Política

Momento de absoluta paz

vb ed280 junho 24 capa momento de absoluta paz

Entrevista:José Múcio Monteiro

Foto:Milene Marques

 

Ministro da Defesa diz que Forças Armadas estão pacificadas e que é preciso dar mais responsabilidade ao Congresso, que já tem muito poder

 

           Ocupando um dos ministérios considerados como de escolha pessoal do presidente Lula, o ministro da Defesa, José Múcio Monteiro, passou por um grande teste no início do terceiro mandato do petista, com a invasão dos prédios dos Três Poderes, em Brasília. Muitos petistas pressionaram por sua saída, como uma espécie de punição pelo fato de ele ter votado, quando ministro do Tribunal de Contas da União, pela rejeição das contas da ex-presidente Dilma Rousseff. A decisão foi usada como munição para o seu processo de impeachment. O bom relacionamento do ministro com o presidente e com o Congresso Nacional, garantiu a sua permanência no governo. As turbulências do início, provocadas pelo radicalismo político e pela tentativa de golpe passaram. Agora, segundo José Múcio, o momento é de tranquilidade. Ele falou com a Viver Brasil durante o Conexão Empresarial, em Araxá.

 O senhor já foi deputado federal, foi do tribunal de contas da união, prefeito, secretário do estado, já esteve de todos os lados. qual o período mais difícil do brasil nesse tempo todo?

          É fácil na minha idade, o currículo ser grande por conta do tempo. Eu acho que nós estamos vivendo um momento de muita radicalização. E acho que as eleições hoje vivem no presente, como se elas não se findassem, como se não aceitássemos os resultados. Acho que a nossa democracia é a vontade da maioria. Se é por 50%, se 10 por 15, por 1,5% , é esse o resultado. O Brasil hoje em dia está muito dividido. Isso atrapalha muito.

Quando começou isso? quando o brasil se dividiu?
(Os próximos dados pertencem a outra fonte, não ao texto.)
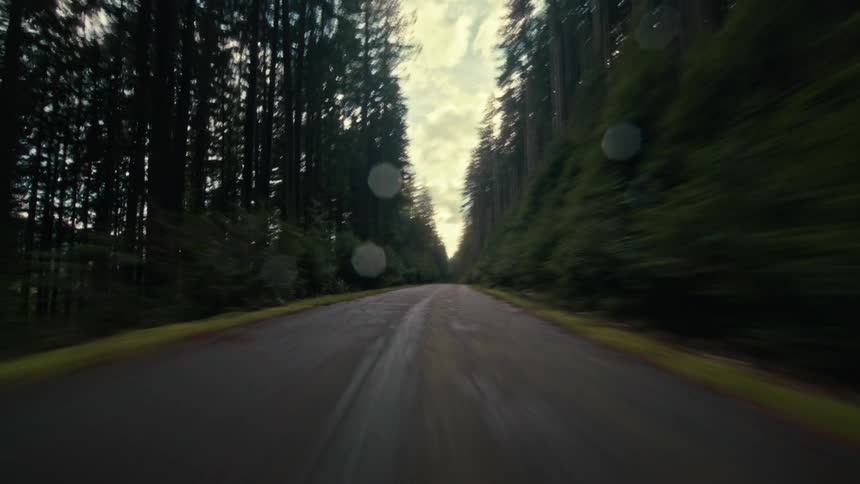A thrilling, high-speed hyper-lapse drive navigates a winding road surrounded by towering green trees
         Toda eleição traz um lado positivo, mesmo você perdendo. Fomentaram muito na cabeça das pessoas que a eleição foi burlada, que as urnas não eram seguras, que os resultados não eram honestos, de maneira que houve um interesse daqueles que não venceram as eleições, de estimular a discórdia.

O senhor assumiu num momento extremamente difícil para a política e para a democracia brasileira. a invasão dos prédios dos três poderes trouxe insegurança, inclusive em relação à participação dos militares?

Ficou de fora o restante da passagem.